Consider the problem of finding the smallest number $x \in \mathbb{R}$ that satisfies the constraint $x \lfloor x \rfloor \geq S$ where $S$ is an integer (of course, $\lfloor x \rfloor$ simply means $x$ rounded down).
Often, solving this problem will yield an integer solution for $x$. For example, if $S = 100$, then the solution is $x = 10$ (since $x \lfloor x \rfloor = 10\lfloor 10 \rfloor = 10^2 \geq 100$). Similarly, if $S = 99$, then the solution remains at $x = 10$ (clearly, $x = 10$ satisfies the inequality; and if $x < 10$, then $x \lfloor x \rfloor < 10\cdot9 = 90 < 99$ so the inequality is violated). But for other values of $S$, e.g. $S = 101$, the solution is not an integer (it is $x = 10.1$.)
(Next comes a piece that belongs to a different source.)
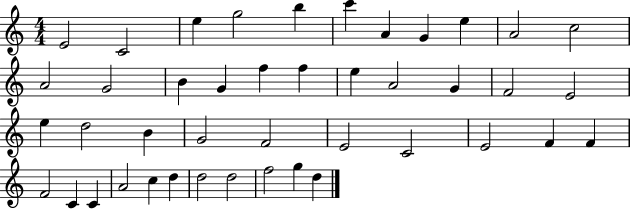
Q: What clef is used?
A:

Question: Suppose we solve this problem for every possible value $S = 0, 1, 2, ...$, each time updating the proportion of solutions $p$ that are integer solutions. Is there some way to evaluate the limit of $p$ (as $S \rightarrow \infty$)?
If $n(n-1)\leq S\leq n^2$ for some integer $n\geq 2$ then the answer is an integer (in fact, is the integer $n$). This is because for any $x<n$ we have $\lfloor x\rfloor\leq n-1$ and so $x\lfloor x\rfloor< n(n-1)$.
Conversely, if $(n-1)^2<S<n(n-1)$ the answer is not an integer, since $\lfloor S/(n-1)\rfloor=n-1$ so $x=S/(n-1)$ works (but $n-1$ doesn't).
There are $2n-1$ values of $S$ with $(n-1)^2<S\leq n^2$ for each $n$. Of these, $n+1$ work and $n-2$ don't. These intervals cover all natural numbers. So the limit will be $1/2$.